Geoff Parling: An Englishman roasting the Lions?
7 months ago

Geoff Parling’s last interview was for a Barbecue magazine. A blunt Teessider chucking a few prawns on the barbie in a leafy suburb of Melbourne. It is a curious image, not least for the man himself. “They said I was a 6ft 7ins athlete, but I’ve never been more than 6ft 5ins, and it was always an even bigger stretch to call me an athlete.”

That no-nonsense self-reflection is at the core of the ex-England and Lions second row’s make-up. It is also pivotal to the role he plays as lineout coach with Joe Schmidt’s Wallabies. There are so many moving parts which can go wrong with a modern professional lineout: the co-ordination between thrower and receiver, the timing and extension of the lift, the conviction of the decoys. If any of those cogs do not function, the machine fails. That is when a good lineout coach will slice through all the white noise and zero in on underlying causes – even if it all bounces back to him. Just cut to the chase.

Geoff Parling was a pivotal member of the victorious 2013 British and Irish Lions squad (Photo by Mark Kolbe/Getty Images)

The Welford Road favourite is characteristically forthright about the demise of the Melbourne Rebels, his previous coaching job. That last 2024 season still hurts, it is too close to home.
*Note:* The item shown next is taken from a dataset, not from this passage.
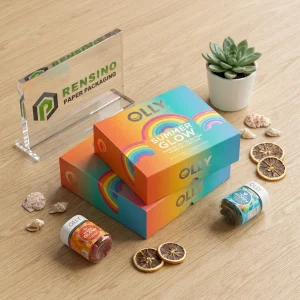 Bunte Papierschachtel mit Regenbogenmuster und gedrucktem Logo, geeignet für Geschenk- oder Einzelhandelsverpackungen, individuelles Design verfügbar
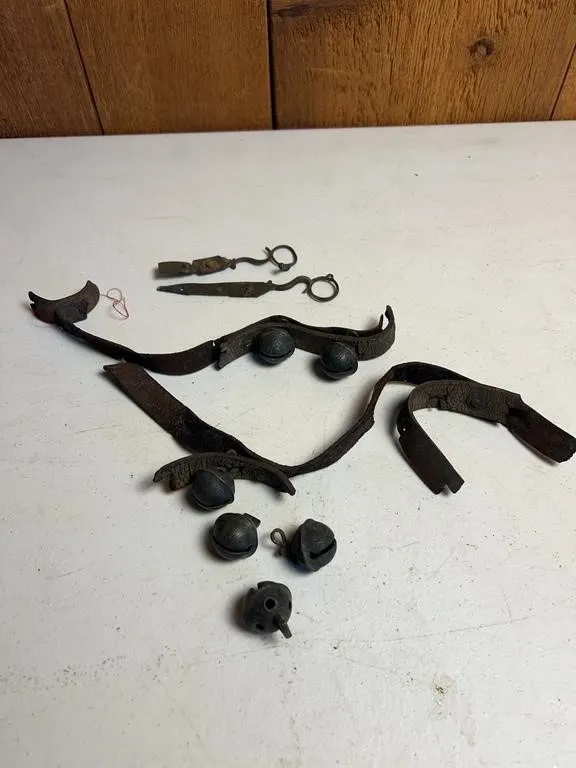 Antique Crotal Sleigh Bells on Leather Straps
“I was just talking to [Rebels 10] Carter Gordon last week, who joined the NRL and moved to league,” Parling says. “Unfortunately, some guys have retired or haven’t picked up any work, but the bond with them goes far beyond rugby. You want them to succeed in life generally, not just at rugby.”

The intimacy of the bond created by that final campaign can be overstated. As New York Giants coach Bill Parcells once put it after a Superbowl win: “there is a blood transfusion. You get theirs and they get yours. Those guys look after each other, even to this very day.”

Some of that 2024 uncertainty has followed Parling into the Wallabies. Schmidt will be leaving halfway through a full four-year World Cup cycle, after the 2025 Rugby Championship, and others will go with him. Two old heads, scrum guru Mike Cron and breakdown and defence specialist ‘Lord’ Laurie Fisher will retire together. Two years of rebuilding work have passed in a flash.

Do I have a preference? Not really – at least as long as I can add value by what I do for a community, a city, even a nation.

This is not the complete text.